Far be it from me – a relatively impartial observer – to point out that an almost ludicrously long list of bad actors were involved in systematically circumventing, breaking, or changing the rules that were meant to prevent this sort of thing from happening, all for political and financial gain.
It all started with the Community Reinvestment Act of 1977. Originally designed for low-income families to obtain mortgages, a long string of subsequent revisions, amendments and related legislation over the next quarter century turned good intentions into politically motivated madness.
One by one, all the checks and balances intended to keep lenders from writing risky loans were undermined. Then, in the early years of the new millennium, the Department of Housing and Urban Development (HUD) had Fannie Mae dedicate half its funds to back affordable housing, including hundreds of billions of dollars in bad loans.
Not surprisingly, a handful of greedy individuals took advantage of the political climate. As CEO of the nation’s biggest mortgage lender, Countrywide Financial, and cofounder of mortgage investment bank IndyMac, Angelo Mozilo was, in my opinion, one of the kingpins of predatory lending practices.
Meanwhile Marion and Herb Sandler – founders of World Savings Bank and parent company Golden West Financial and pioneers of the option ARM – made $2.3 billion when they sold the company and its portfolio of problem mortgages and loans to Wachovia for $24 billion, leading to the bank’s collapse and subsequent sale to Wells Fargo.
Former Fed Chairman Alan Greenspan and Treasury Secretary Robert Rubin both supported deregulation of derivatives and subprime mortgages, not to mention keeping interest rates down, all of which served as catalysts for the financial crisis.
It was largely the efforts of Phil Gramm who, as then chairman of the Senate Banking Committee, spearheaded deregulation that led to the repeal of the much talked about Glass-Steagall Act and the exemption of over-the-counter derivatives, including credit-default swaps, from regulation.

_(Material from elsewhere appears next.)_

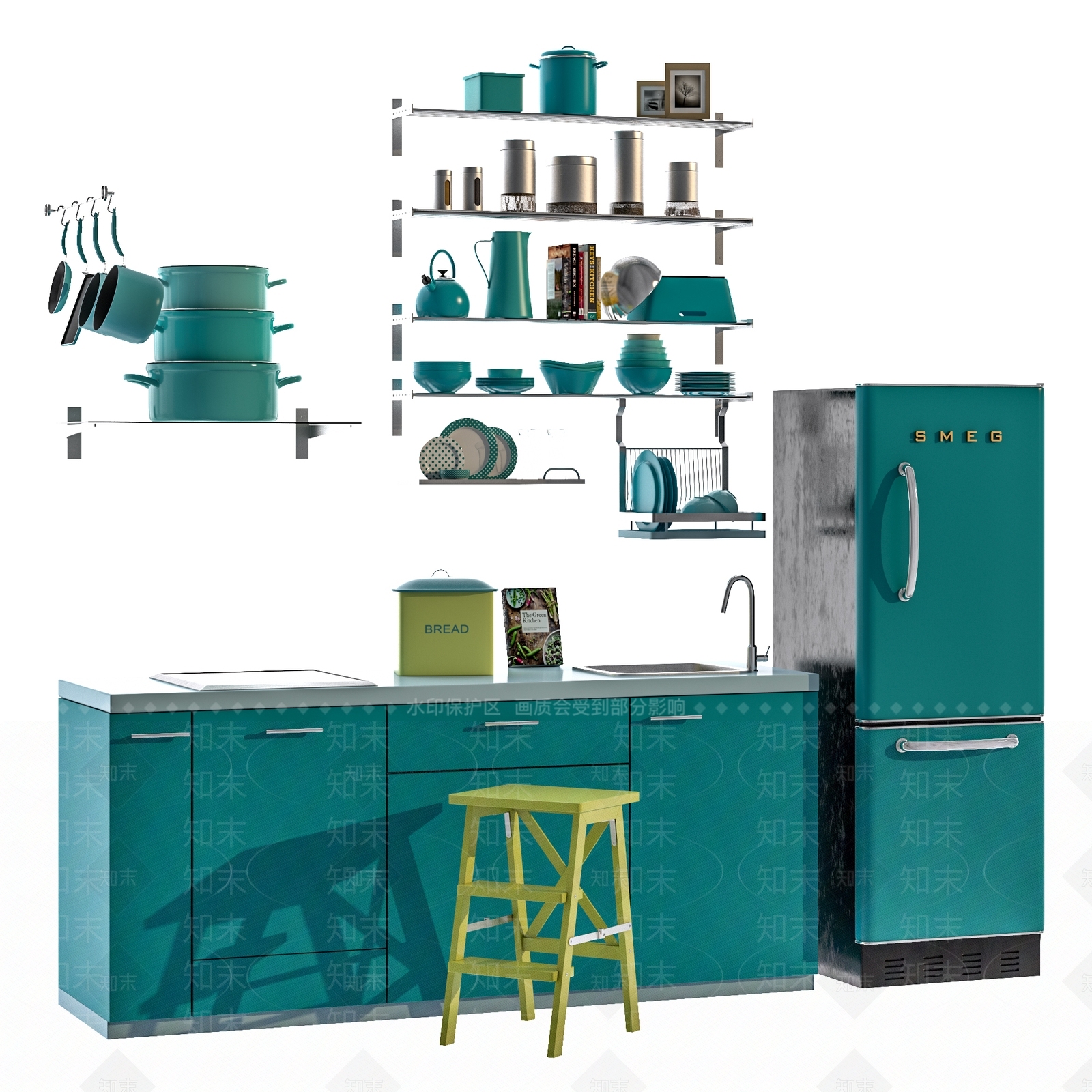 北欧橱柜组合3D模型下载【ID:991691594】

Of course the bankers found a creative way to get all those high-risk mortgages off their balance sheets, packaging and selling them to institutions and investors all over the globe. But that scheme could not have worked if rating agencies like Standard & Poor’s and Moody’s hadn’t given them investment-grade ratings.
Much of this is explained in Mark Gilbert’s book Complicit: How Greed and Collusion Made the Credit Crisis Unstoppable.

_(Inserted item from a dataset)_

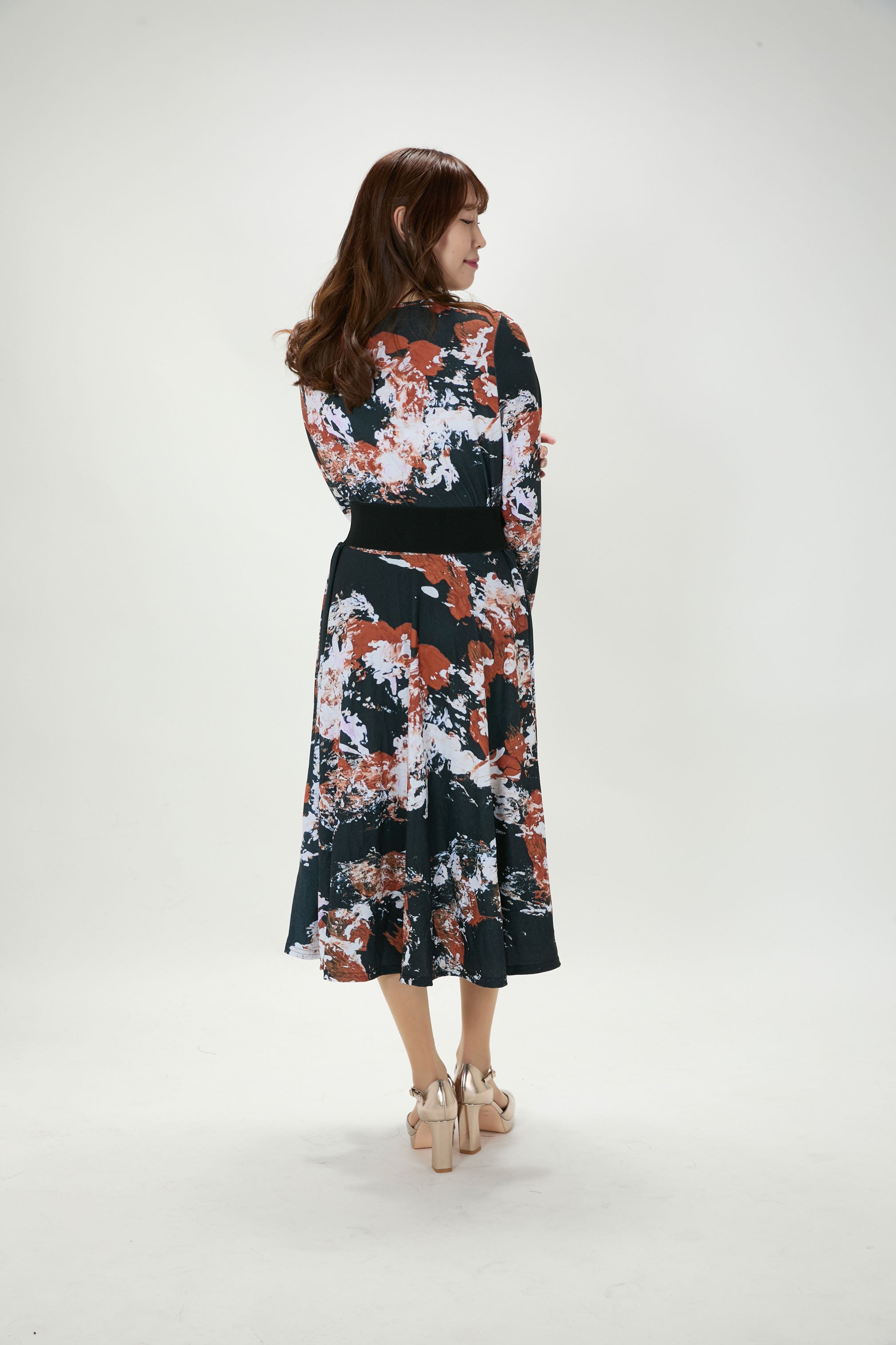 All-over print long sleeve midi dress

Perhaps the greatest irony of all is that the authors of the Dodd-Frank Wall Street Reform and Consumer Protection Act, Barney Frank and Chris Dodd, supported deregulation and affordable housing as chairmen of the House Financial Services and Senate Banking committees responsible for oversight of the housing and banking sectors. That’s what you call the foxes guarding the henhouse, my friends.
I’m sure I missed a few cronies, but one thing is certain: there is plenty of blame to go around. There were more than a few greedy, power-hungry, politically motivated and just plain misguided parties complicit in the subprime mortgage crisis that led to a global financial meltdown. Yes, some big banks were involved, but so were a confederacy of politicians, regulators and corrupt mortgage lenders.
Unfortunately, America’s only getting part of the story from Hillary Clinton and Bernie Sanders. Don’t be fooled.